_AIM OF THE EXERCISE_. Select, from the data, each line where "Avenue" occurs.

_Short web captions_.
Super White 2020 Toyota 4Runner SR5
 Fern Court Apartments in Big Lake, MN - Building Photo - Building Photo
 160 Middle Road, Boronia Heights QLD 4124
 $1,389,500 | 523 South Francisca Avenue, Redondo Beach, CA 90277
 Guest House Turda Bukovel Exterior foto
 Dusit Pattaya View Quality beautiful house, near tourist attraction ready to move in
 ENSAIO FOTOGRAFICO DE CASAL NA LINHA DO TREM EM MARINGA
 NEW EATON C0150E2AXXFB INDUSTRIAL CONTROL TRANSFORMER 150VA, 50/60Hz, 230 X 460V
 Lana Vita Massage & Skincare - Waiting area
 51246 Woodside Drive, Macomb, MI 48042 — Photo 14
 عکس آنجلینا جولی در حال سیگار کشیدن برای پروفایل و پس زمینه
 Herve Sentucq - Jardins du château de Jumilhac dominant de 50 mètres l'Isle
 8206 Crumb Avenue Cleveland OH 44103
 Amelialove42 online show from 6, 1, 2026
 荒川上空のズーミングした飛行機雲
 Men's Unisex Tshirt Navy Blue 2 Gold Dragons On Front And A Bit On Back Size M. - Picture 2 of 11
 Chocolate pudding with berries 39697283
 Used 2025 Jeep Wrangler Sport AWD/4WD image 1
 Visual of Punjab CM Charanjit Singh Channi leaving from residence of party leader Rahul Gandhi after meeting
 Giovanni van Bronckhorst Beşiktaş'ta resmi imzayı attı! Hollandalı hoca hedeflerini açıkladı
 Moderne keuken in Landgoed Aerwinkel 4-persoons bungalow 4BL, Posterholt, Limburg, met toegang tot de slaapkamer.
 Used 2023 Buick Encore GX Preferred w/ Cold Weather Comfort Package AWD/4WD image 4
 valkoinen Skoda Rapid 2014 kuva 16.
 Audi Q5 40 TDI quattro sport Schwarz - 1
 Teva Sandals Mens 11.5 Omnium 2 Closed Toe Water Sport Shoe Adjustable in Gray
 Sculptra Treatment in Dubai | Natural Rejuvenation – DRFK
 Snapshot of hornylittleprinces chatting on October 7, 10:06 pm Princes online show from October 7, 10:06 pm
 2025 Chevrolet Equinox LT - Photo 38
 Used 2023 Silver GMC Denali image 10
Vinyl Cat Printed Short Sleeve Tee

_TASK ANSWER_.
 $1,389,500 | 523 South Francisca Avenue, Redondo Beach, CA 90277
 8206 Crumb Avenue Cleveland OH 44103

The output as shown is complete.